‘Chandrashekhar Azad’s’ Life Story
Chandrashekhar Azad’s Jayanti was honoured by Prime Minister Narendra Modi with a tribute.
Chandrashekhar Tiwari, a Brahmin family from the princely state of Alirajpur, was the name given to Chandrashekhar Azad when he was born on July 23, 1906, in Bhabhra Village. He was greatly motivated by the 1919 Jallianwala Bagh massacre, which inspired him to take up arms for India’s independence.
His ancestors originated in Uttar Pradesh’s Badarka village in the Unnao district.
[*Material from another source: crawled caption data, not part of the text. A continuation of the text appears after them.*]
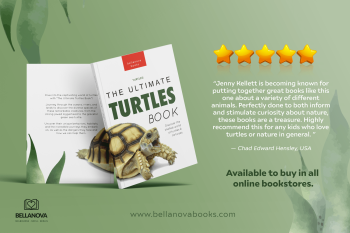 turtle book for kids reviews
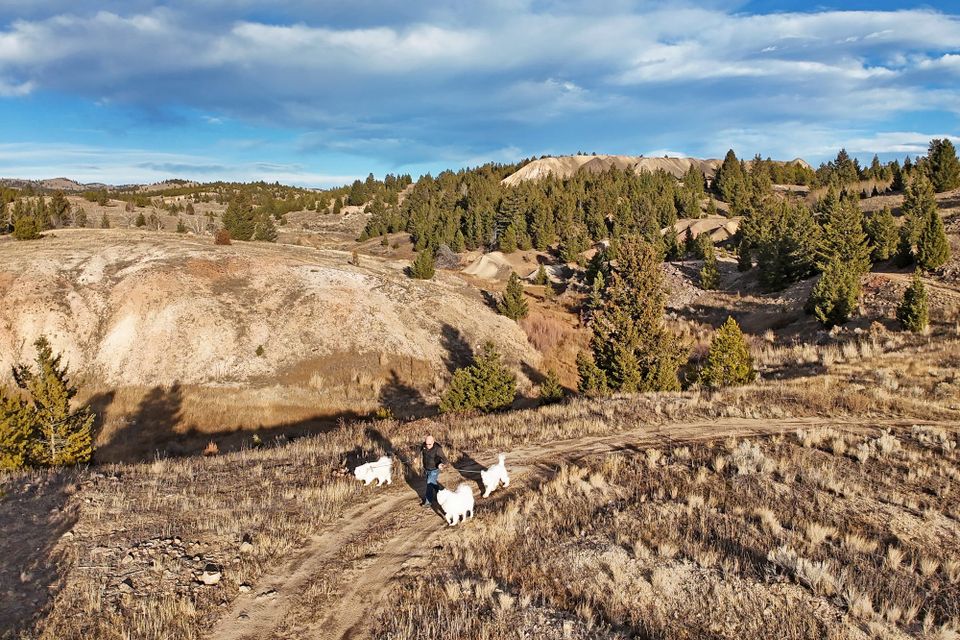 Sunday afternoon walk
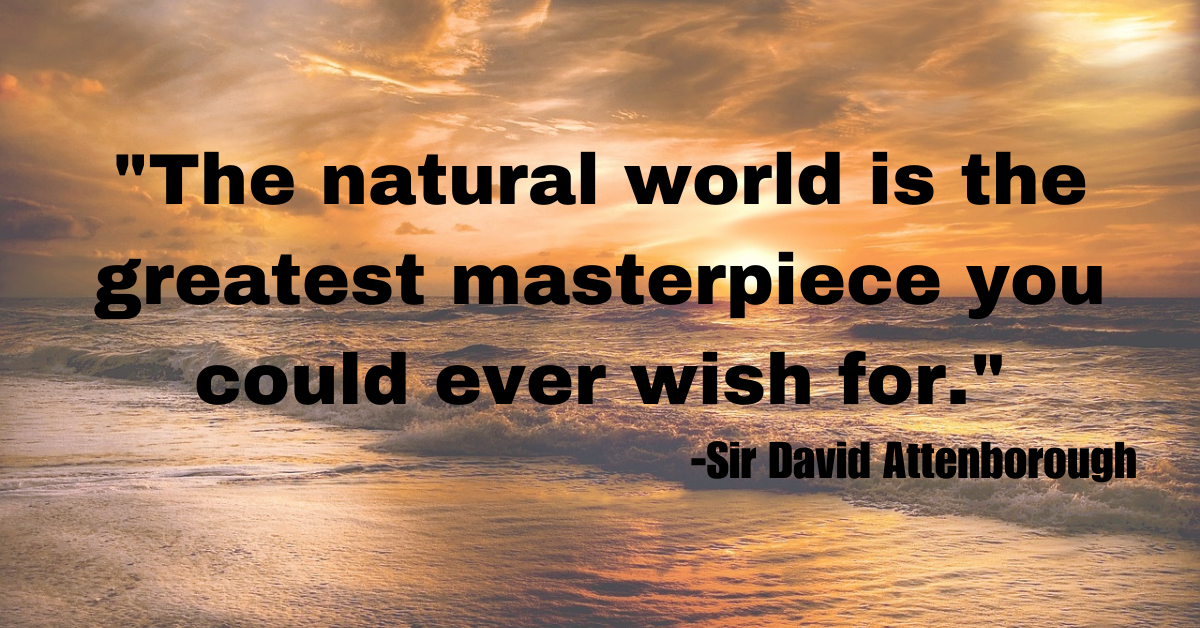 "The natural world is the greatest masterpiece you could ever wish for."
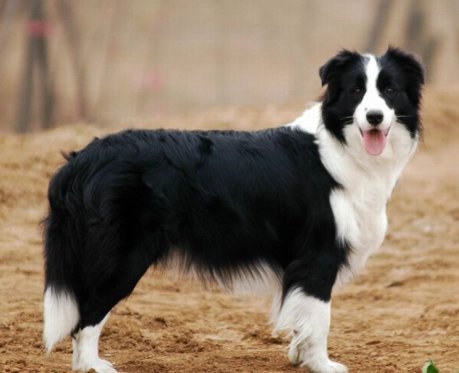 邊境牧羊犬生長標準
Jagrani Devi, Sitaram Tiwari’s wife, wanted her son to become a brilliant scholar of Sanskrit, so she sent him to Kashi Vidyapeeth in Benares to study.
He joined the Non-Cooperation Movement in 1921, when it was at its height, when he was just a 15-year-old student. As a result, he was detained on December 20.
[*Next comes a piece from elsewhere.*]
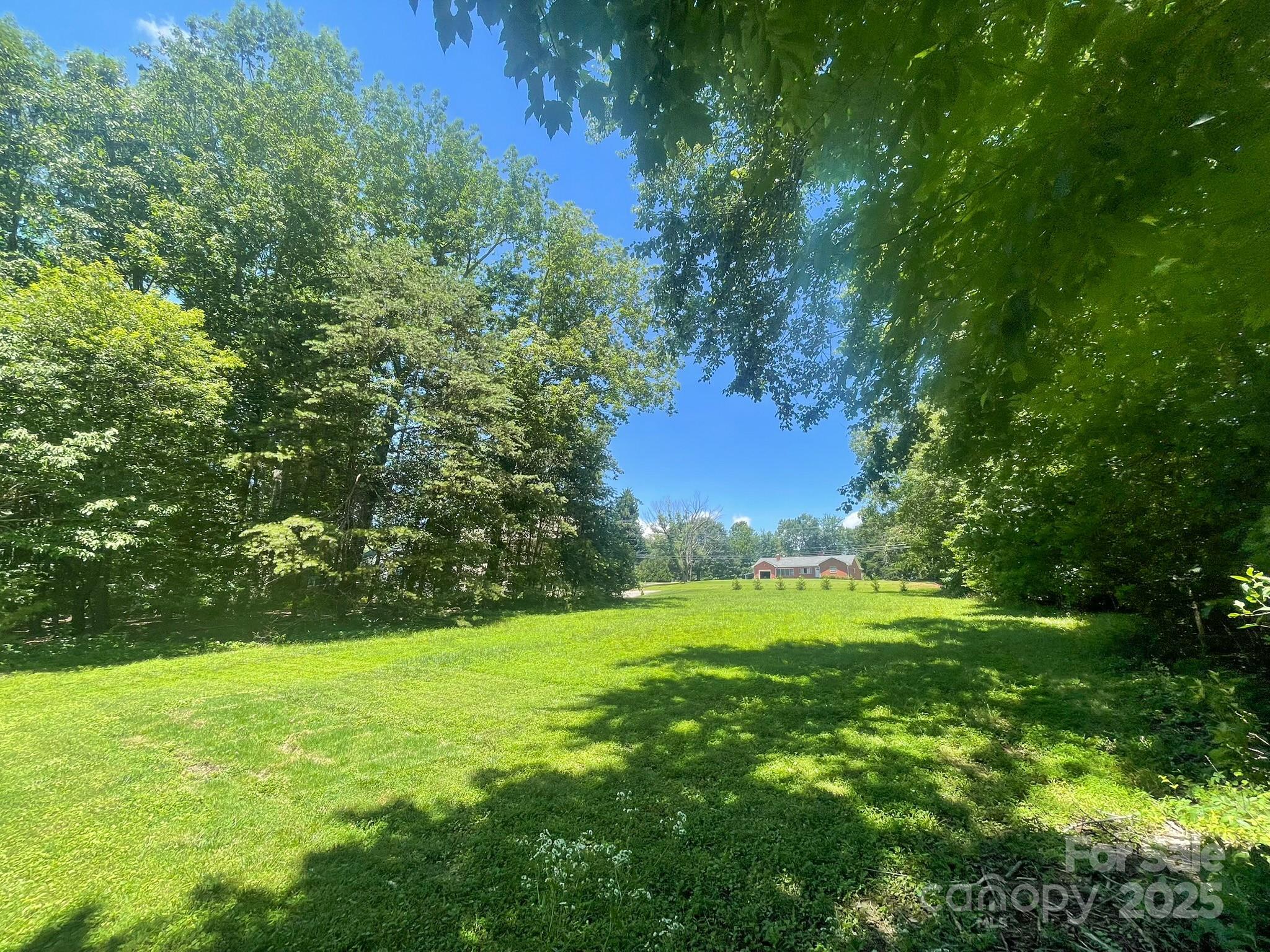 107 Byrd Street Morganton, NC 28655 - Photo 45 of 46 a view of a field with a tree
When he was brought before the magistrate, Justice M.P. Khareghat, he was given the name “Azad,” his father’s name was “Swatantra,” and his place of residence was “Jail.” He received 15 lashes as punishment.
Ram Prasad Bismil founded the Hindustan Socialist Republic Association (HSRA) in 1928, and Chandrashekhar Azad joined and actively participated in it. He also began to raise money for HSRA. He promoted armed resistance as a strategy for removing the British from power.
On August 9, 1925, he participated in the Kakori Train Robbery in Lukhnow, which was carried out to raise money for the HSRA and other revolutionary endeavours. This increased British efforts to apprehend Azad and HSRA by bringing them into the public eye.
In order to avenge the death of Lala Lajpat Rai, he took part in the shooting of John P. Saunders in Lahore in 1928. In 1929, he again made an attempt to detonate a bomb on the Viceroy of India’s train.
For a while, Azad utilised Jhansi as the centre of his organisation. He educated other members of his group in shooting techniques while practising in the forest of Orchcha, which is 15 miles from Jhansi.